- [TRY IT]: Nothing in the data should change when you return it, but leave the pictures out.

- [PROVIDED DATA]:
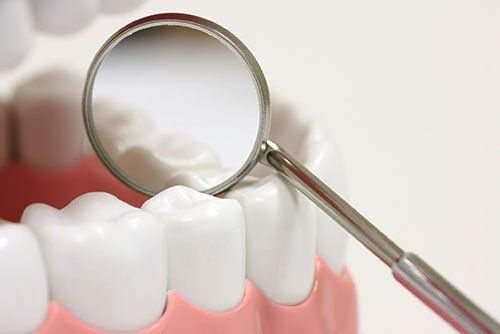 dental crowns in East Chapman Orange, CA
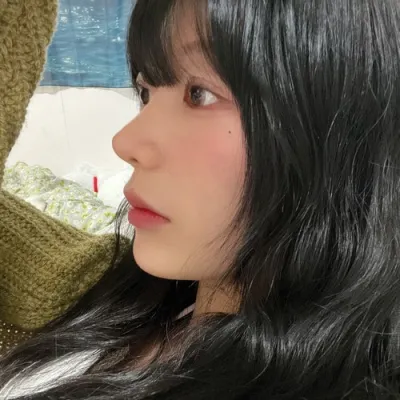 [Хамрын мэс засал] Марилин - Хамрын нуруу, үзүүр, бөхтэй хамар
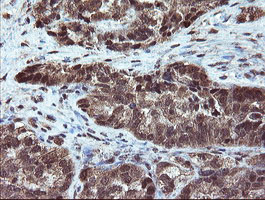 Immunohistochemical staining of paraffin-embedded Adenocarcinoma of Human ovary tissue using anti-RYBP mouse monoclonal antibody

- [SOLUTION TO THIS PROBLEM]:
 dental crowns in East Chapman Orange, CA
 [Хамрын мэс засал] Марилин - Хамрын нуруу, үзүүр, бөхтэй хамар
 Immunohistochemical staining of paraffin-embedded Adenocarcinoma of Human ovary tissue using anti-RYBP mouse monoclonal antibody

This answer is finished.